I have a device which I need to read over serial communication. When I use plain serial terminal app to send request and receive answer everything is OK. But when I try to do it with MicroPython thru RPi2 Pico over UART I get strange results.
Serial communications is 1200bps 7E2 so UART is initialized with
uart0 = UART(0, baudrate=1200, parity=0, stop=2, bits=7, tx=Pin(12), rx=Pin(13))

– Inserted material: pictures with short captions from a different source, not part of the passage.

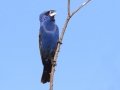 Blue Grosbeak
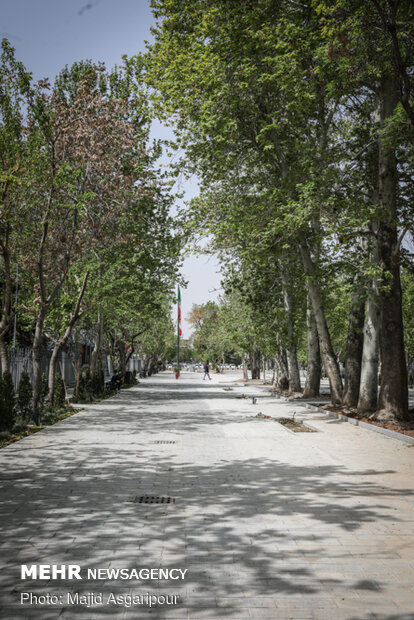 Shahriar St. housing Vahdat Hall paved with cobblestone
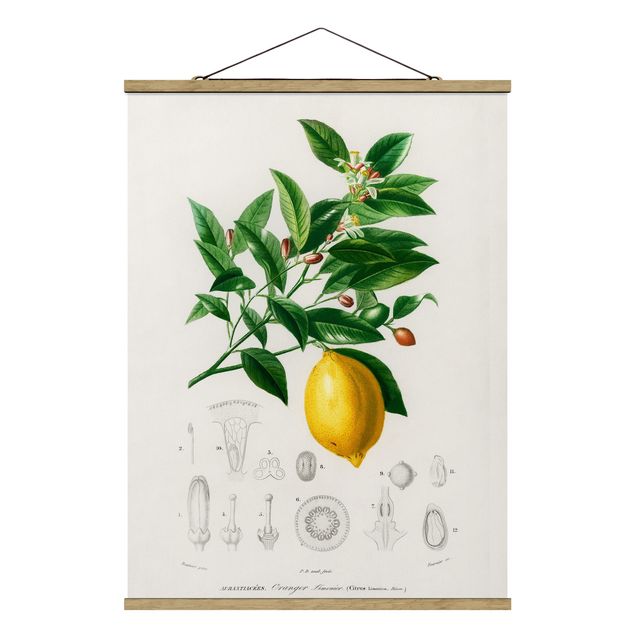 Tavlor blommor  Botany Vintage Illustration Of Lemon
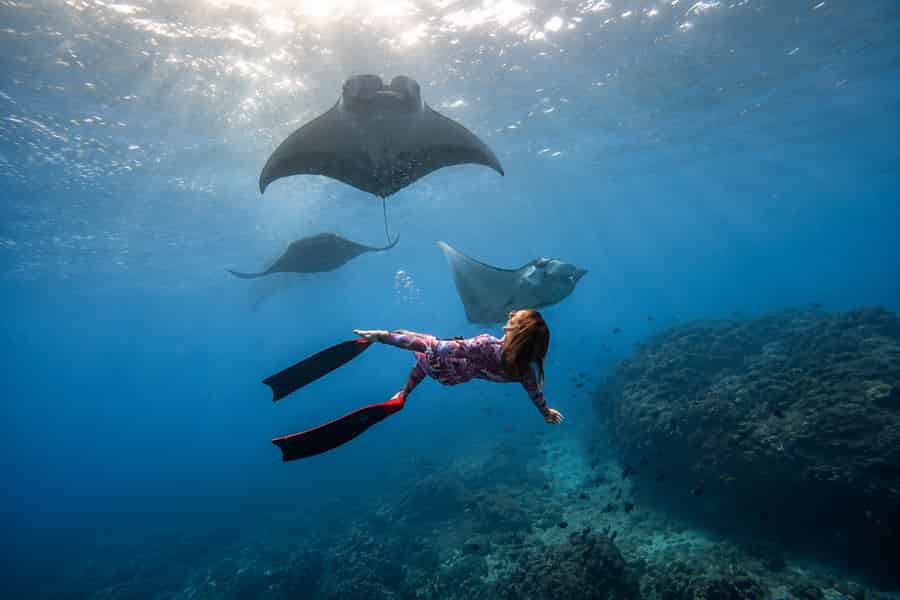 Ab Bali: Schnorcheln an 3 Orten in Nusa Penida mit GoPro & Tour im Westen. Foto: GetYourGuide Ab Bali: Schnorcheln an 3 Orten in Nusa Penida mit GoPro & Tour im Westen. Foto: GetYourGuide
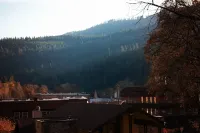 白松樹汽車旅館 - 汽車旅館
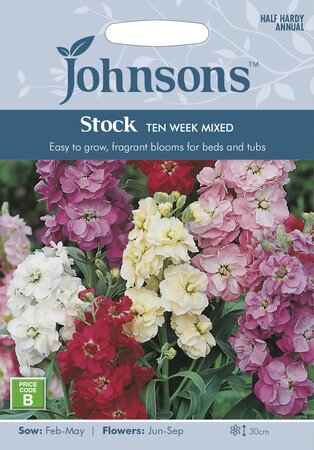 UK/JO-STOCK Ten Week Mixed - image 1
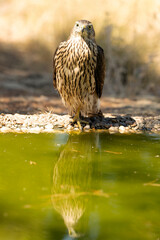 Young male Northern Goshawk at a watering hole in a Mediterranean pine and oak forest in the last light of a summer day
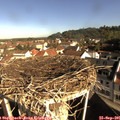 09_20-nest.jpg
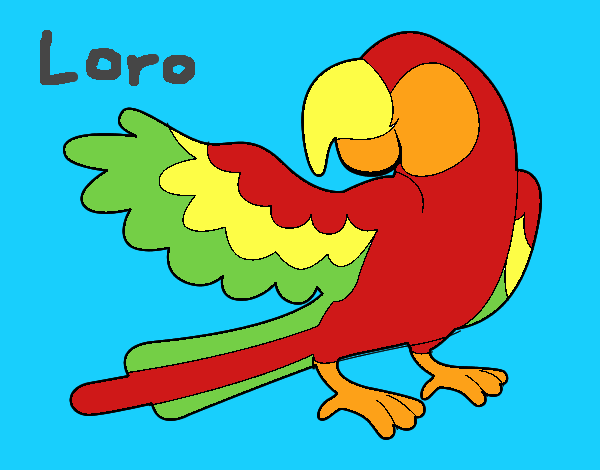 Loro con ala abierta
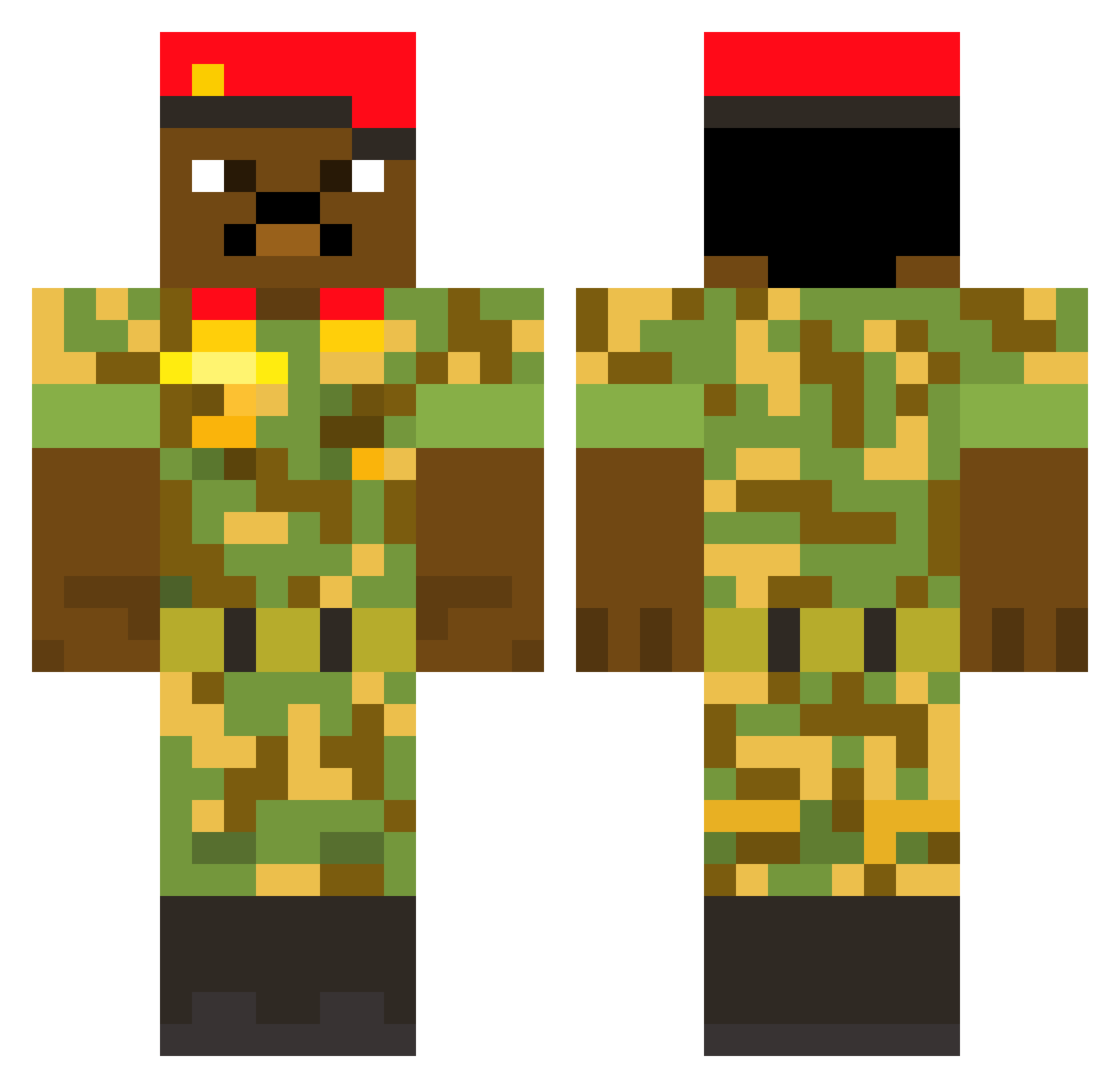 d0minicc1 Minecraft skin, front and back view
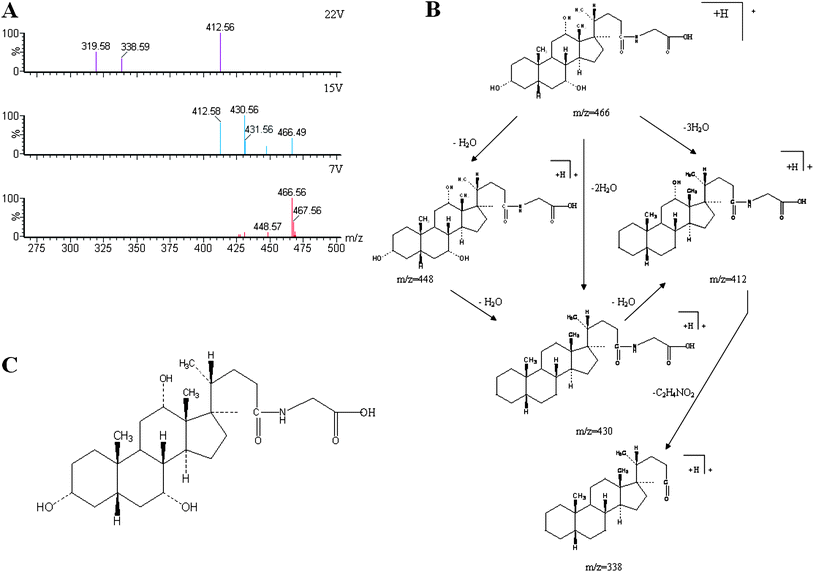 Typical identification of potential biomarker glycocholate in urine using UPLC-ESI-QTOFMS-based metabolomics. (A) Mass spectrum of full scan and product ion scan of determined biomarkers. (B): possible fragmentation pathway; (C): chemical structure of glycocholate.
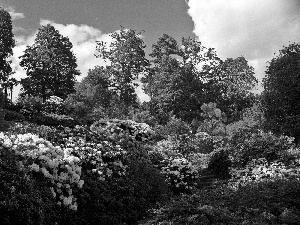 rhododendron, Park, Flowers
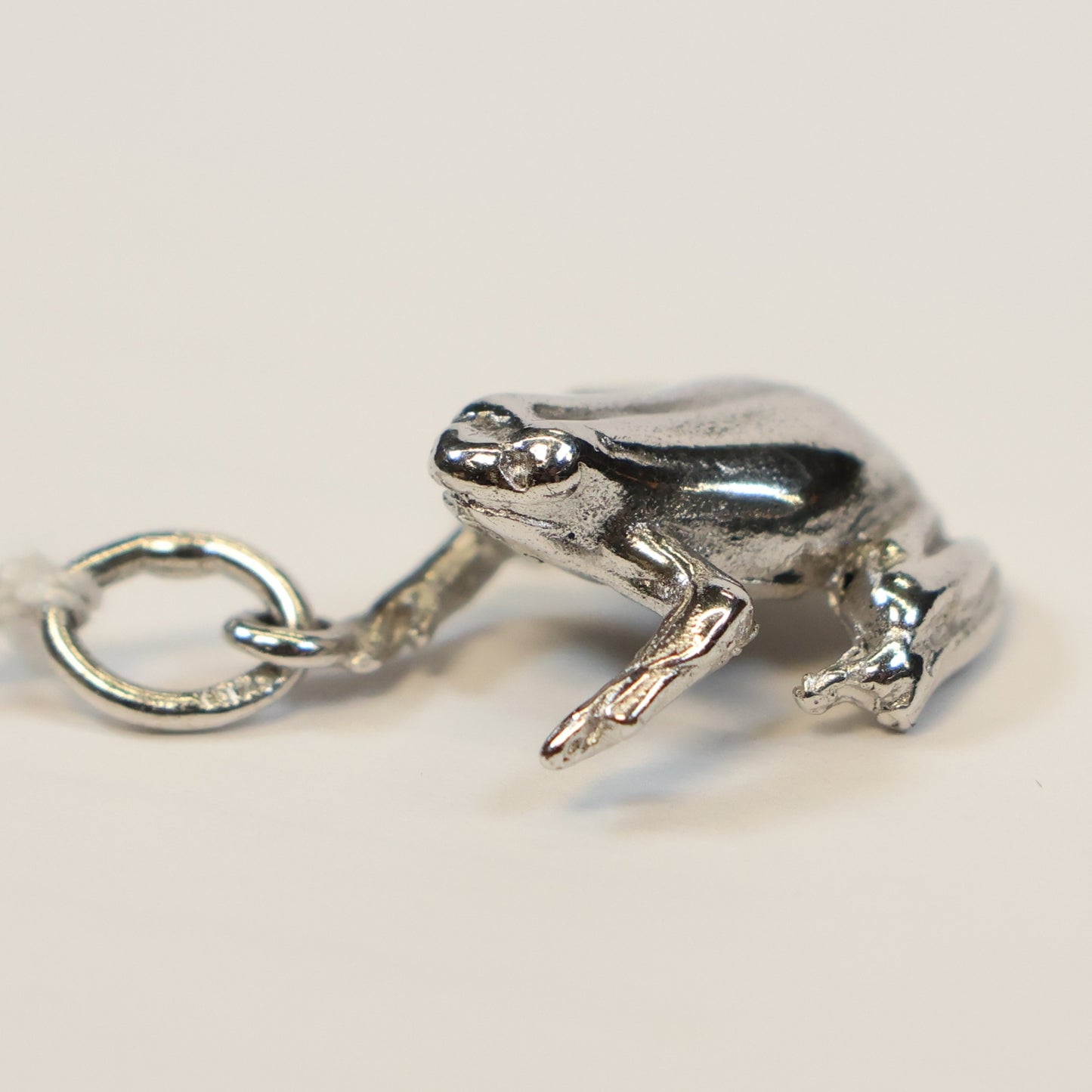 Zilveren kikker hangertje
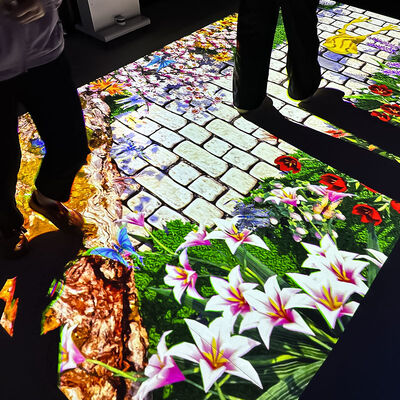 좋은 가격 Mobile All-in-One Interactive Floor Projection with 4000 Lumens Brightness 1280x800 Resolution and 110V-250V Voltage 온라인으로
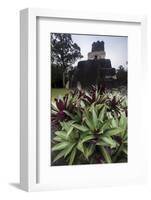 Mayan Structure, Tikal, UNESCO World Heritage Site, Guatemala, Central America-Colin Brynn-Framed Photographic Print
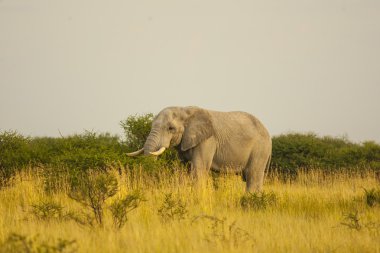 Büyük fili (Loxodonta africana)
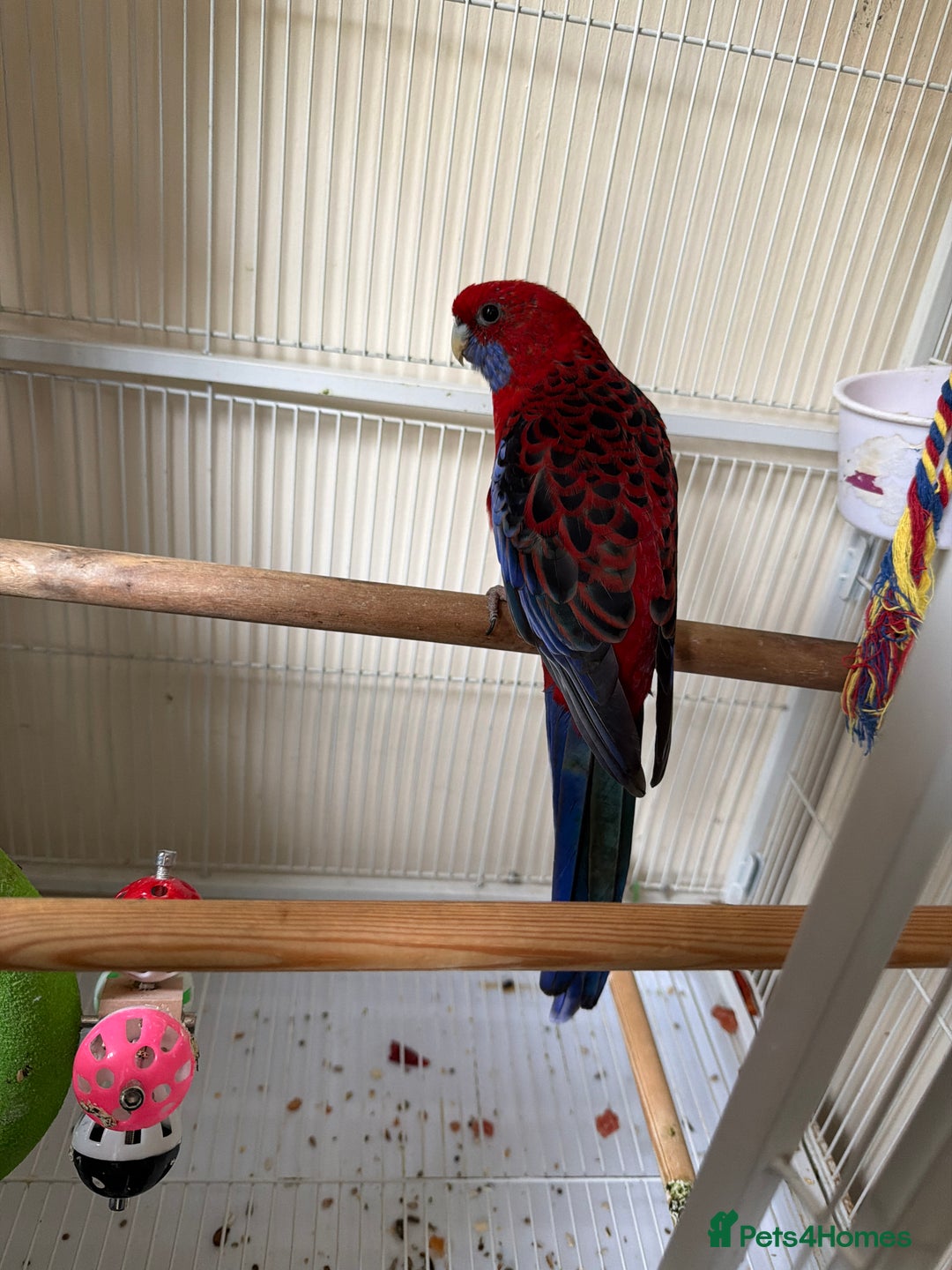 Parrots birds for sale: Crimson rosella  - Image 4
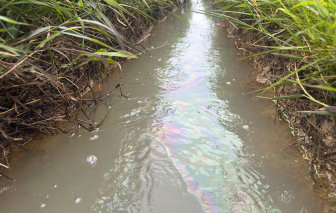 Quảng Ngãi: Sự cố tràn dầu ở Dung Quất khiến hàng chục hecta đất canh tác bị ô nhiễm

but when receiving answer I get only few starting bytes OK and then garbage
b'00004360972 00\x18\x18\x18LLt\x18\x18LL&3\x13}&3\x13\x02\x02\x03\x0300\x18\x18\x18LLt\x18\x18LL&3\x13}&3\x13\x02\x02\x03\x030034119 2000000 022\x18N6\x03k'
while the expected answer should be
b'00004360972 0000000 0000000 0000000 0000000 0000000 0000000 0034119 2000000 0220928 \r'
and I get it right on Pico but when I change Parity to None.
On the other hand, when I change Parity to None in my serial terminal, I get garbage there.
I tried both, UART0 and UART1 with same results.
I don't, know if this could be MicroPython or RPI2Pico related issue.
Does anyone have similar problem with "non-standard" (other than 8N1) serial communication or have an idea what could be the problem?